Although ball sealers have been frequently and successfully used as diverting agents in fracturing operations, they have rarely been used as diverting agents in matrix rate treatments because in matrix treatments they generally have been ineffective. Their ineffectiveness is due to the relatively low flow rate of the treating fluid through the perforations during a matrix treatment. The seating efficiency of most commercially available ball sealers used according to present-day practices is a function of the flow rate through the perforations. It has been generally accepted in the art that the greater the flow rate of the treating fluid through the perforations, the greater the seating efficiency of the ball sealers will be. When the flow rate through the perforations is very low, the seating efficiency of ball sealers, as presently used, is extremely low because the low flow rate will not effectively carry the ball sealers to the perforations before they sink past the perforations. Since ball sealers have been so ineffective in diverting matrix rate treatments, they have rarely been used in such treatments.
The method of the present invention overcomes the limitations of the current ball sealer diversion methods when the treating fluid is pumped at matrix rates. The present invention utilizes buoyant ball sealers having a tentacle-free outer surface and a density less than the treating fluid. Use of the buoyant ball sealers surprisingly produces 100% seating efficiency, i.e., each injected ball sealer will seat on and seal an unsealed perforation.
The present invention's method for diverting treating fluid during a matrix treatment involves flowing the treating fluid downward within the casing and through the perforations into the formation surrounding the perforated parts of the casing. At the appropriate time during the treatment, ball sealers are introduced into the treating fluid and pumped down the casing to the casing perforations. Ball sealers are selected which have a density less than the density of the treating fluid within the casing but which are capable of being downwardly transported to the perforations by the downward flow of the fluid within the casing. Therefore, the injection of the treating fluid into the casing must be established at a rate such that the downward velocity of the fluid in the casing above the perforations is sufficient to impart a downward drag force on the ball sealers greater in magnitude than the upward buoyancy force acting on the ball sealers thereby transporting the ball sealers to the perforations. However, the velocity of the treating fluid must be sufficiently low to provide a matrix rate treatment which does not fracture the formation.

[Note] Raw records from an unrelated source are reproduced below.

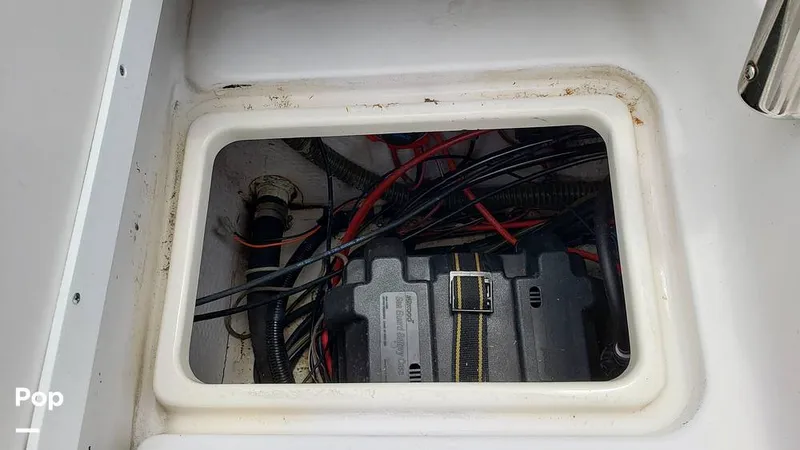 Slide: The Image of Grady-White 226 Seafarer 1994 - 14400065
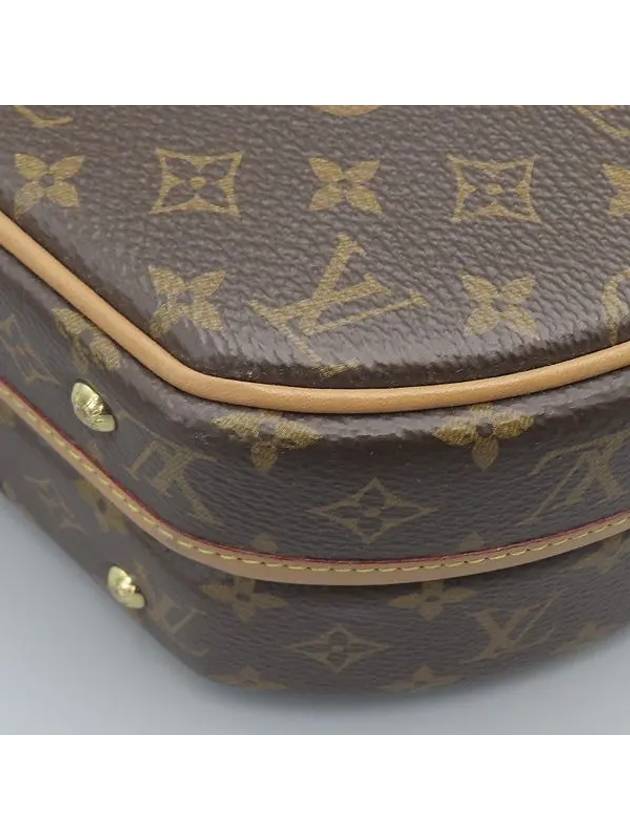 M43514 2 WAY bag - LOUIS VUITTON - BALAAN 4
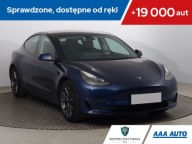 Tesla Model 3 Long Range 4WD 74kWh, SoH 91%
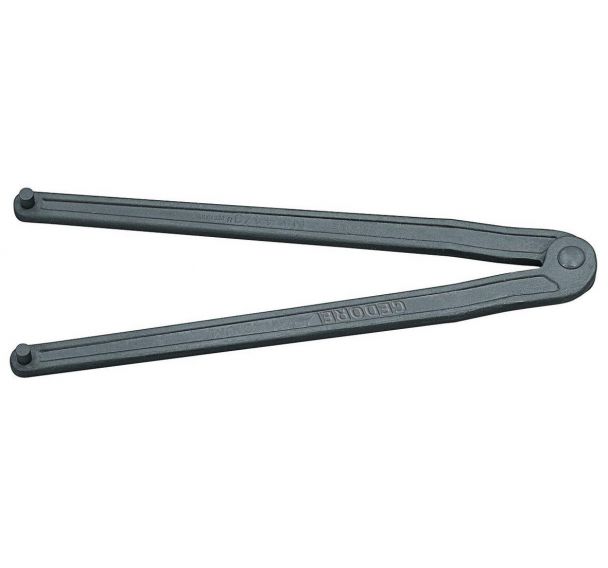 Clé à pipe débouchée 15 5170415 | Outillage ADC | Le Froid Pecomark
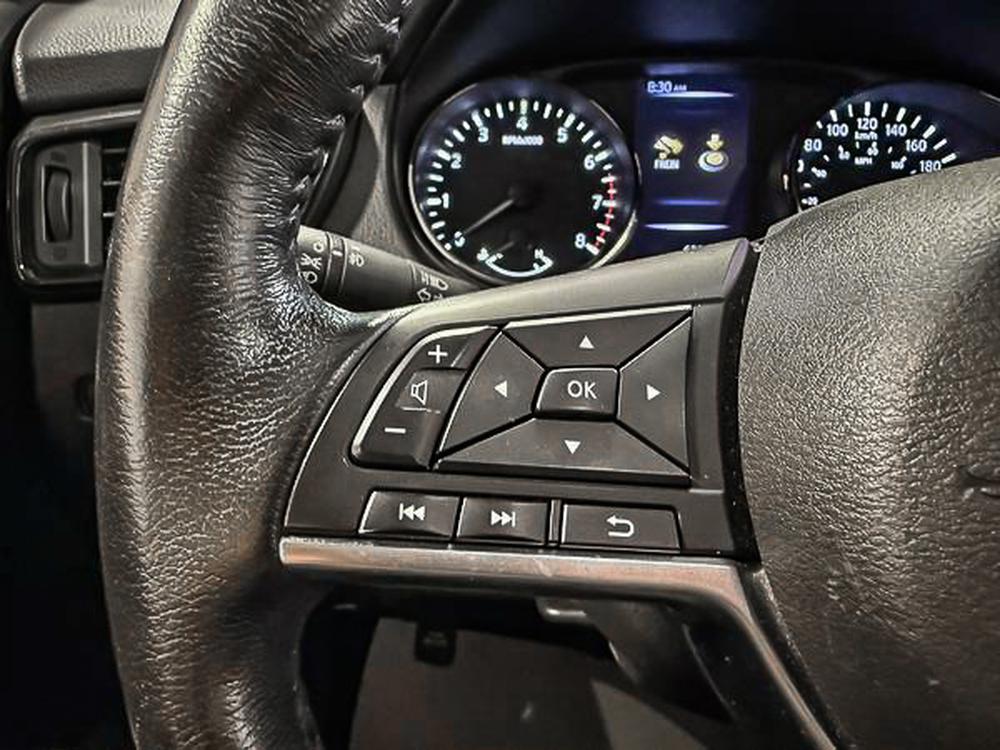 Nissan Qashqai SV 2018 d&rsquo;occasion à vendre - 21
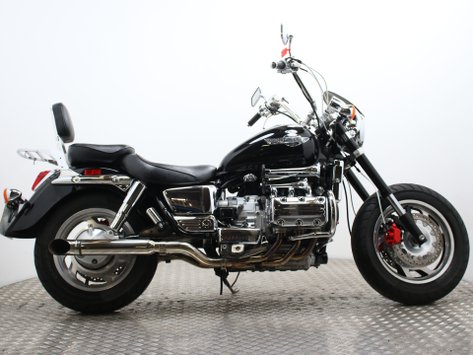 Honda Valkyrie F6C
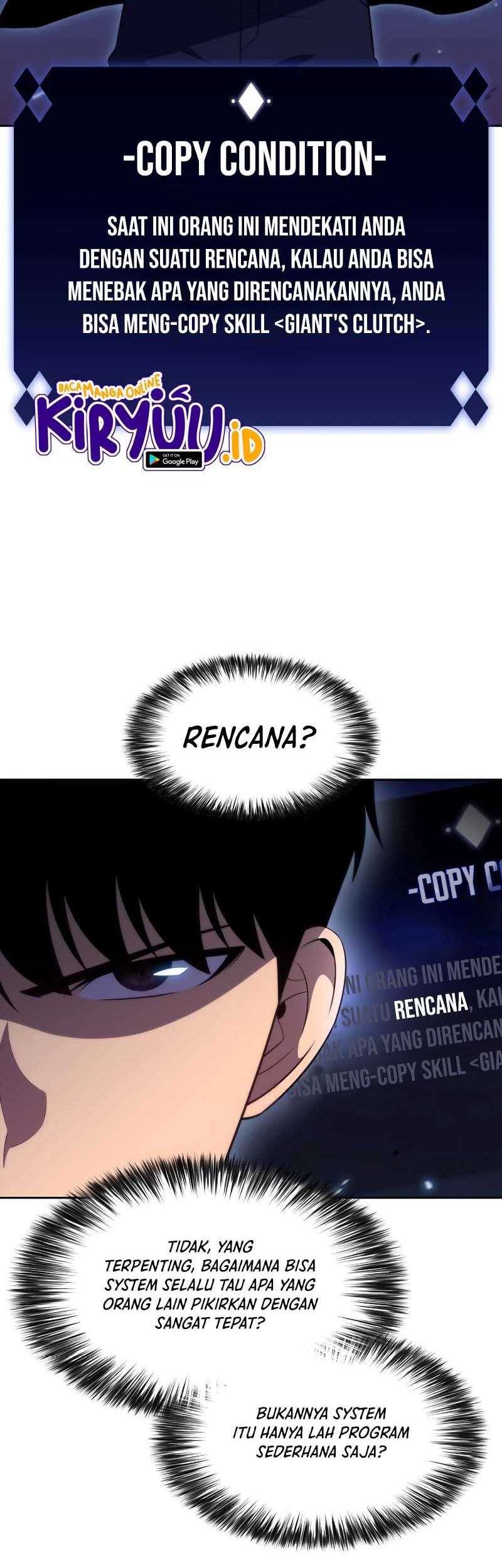 Solo Max-Level Newbie Chapter 32 Gambar 23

Once the ball sealers have reached the perforations, they will all seat on and plug those perforations taking fluid. The treating fluid will then be diverted to the remaining open perforations.
After the treatment of the hydrocarbon-bearing strata is completed, the pressure on the fluid in the casing is relieved causing the ball sealers to be released from those perforations on which they were seated. The ball sealers, being lighter than the treating fluid, will buoyantly rise within the casing. A ball catcher may be provided to trap all of the ball sealers upstream of any equipment which they might clog or damage.
The method of the present invention provides certainty in diversion heretofore unknown in matrix rate well treatment operations.
FIG. 1 is an elevation view in section of a well illustrating the practice of the present invention.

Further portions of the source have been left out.